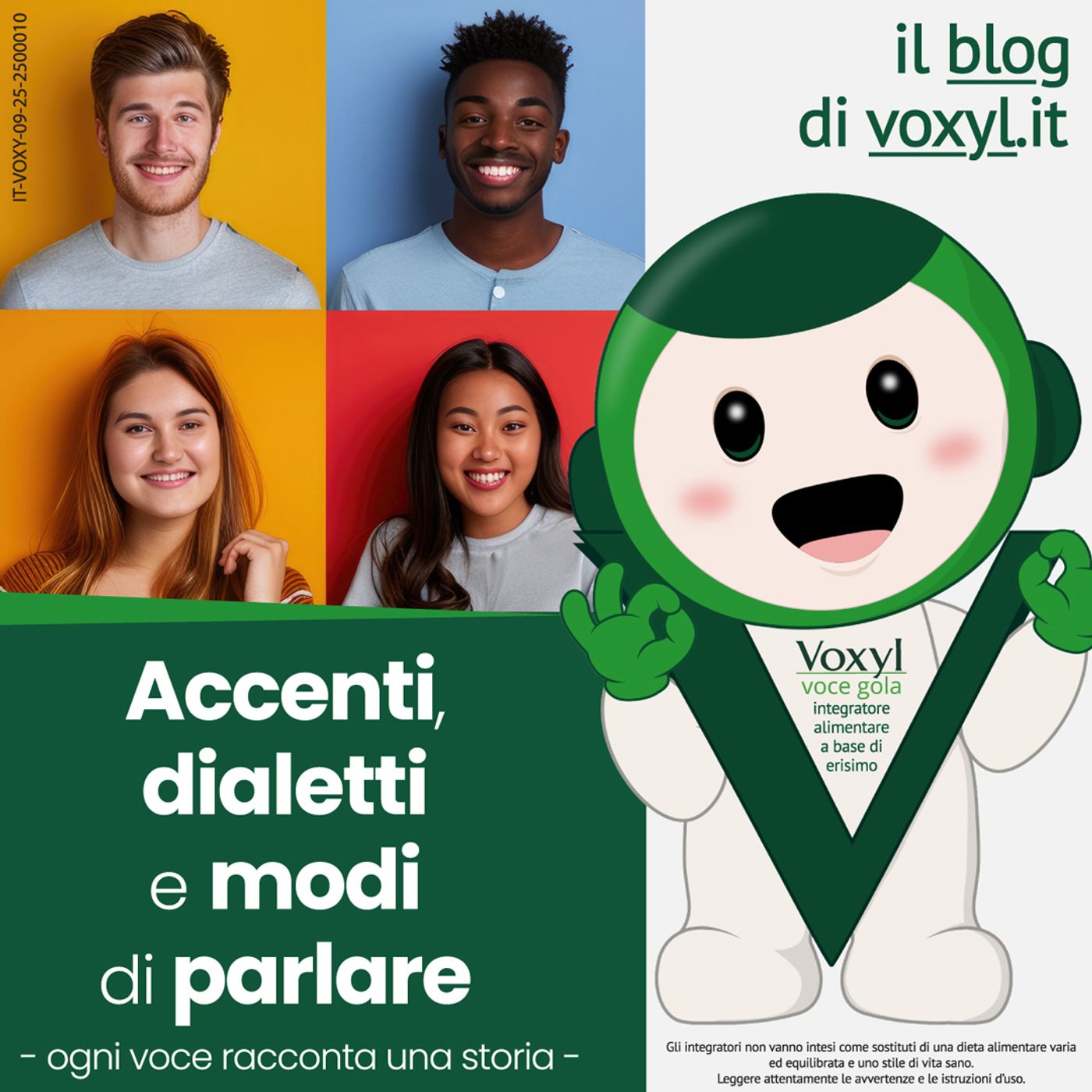 Accenti, dialetti e modi di parlare: ogni voce racconta una storia episode artwork
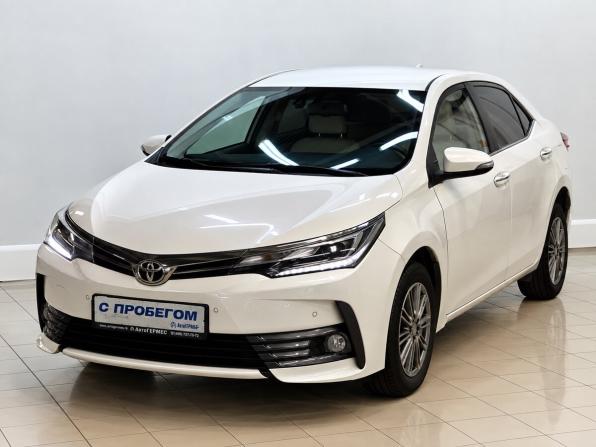 Toyota Corolla XI (E160 E170 E180) Рестайлинг 1 с пробегом 2018 года, цена 1 770 000 рублей, 104569 км, седан, Автокод Объявления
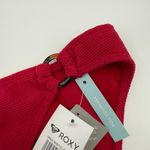 Roxy  Bikini Bottoms Size Large Casual Mood Full Swim NWT Magenta Tortoise Rings Photo 8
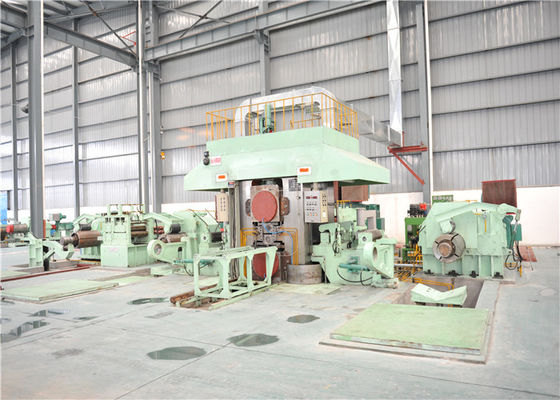 Satu Berdiri Dua Roller Cold Rolling Mill Terus Menerus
——————————
* Description of the task
Please output every line of the listing as it stands, and omit its images.

* Response area
 Accenti, dialetti e modi di parlare: ogni voce racconta una storia episode artwork
 Toyota Corolla XI (E160 E170 E180) Рестайлинг 1 с пробегом 2018 года, цена 1 770 000 рублей, 104569 км, седан, Автокод Объявления
 Roxy  Bikini Bottoms Size Large Casual Mood Full Swim NWT Magenta Tortoise Rings Photo 8
 Satu Berdiri Dua Roller Cold Rolling Mill Terus Menerus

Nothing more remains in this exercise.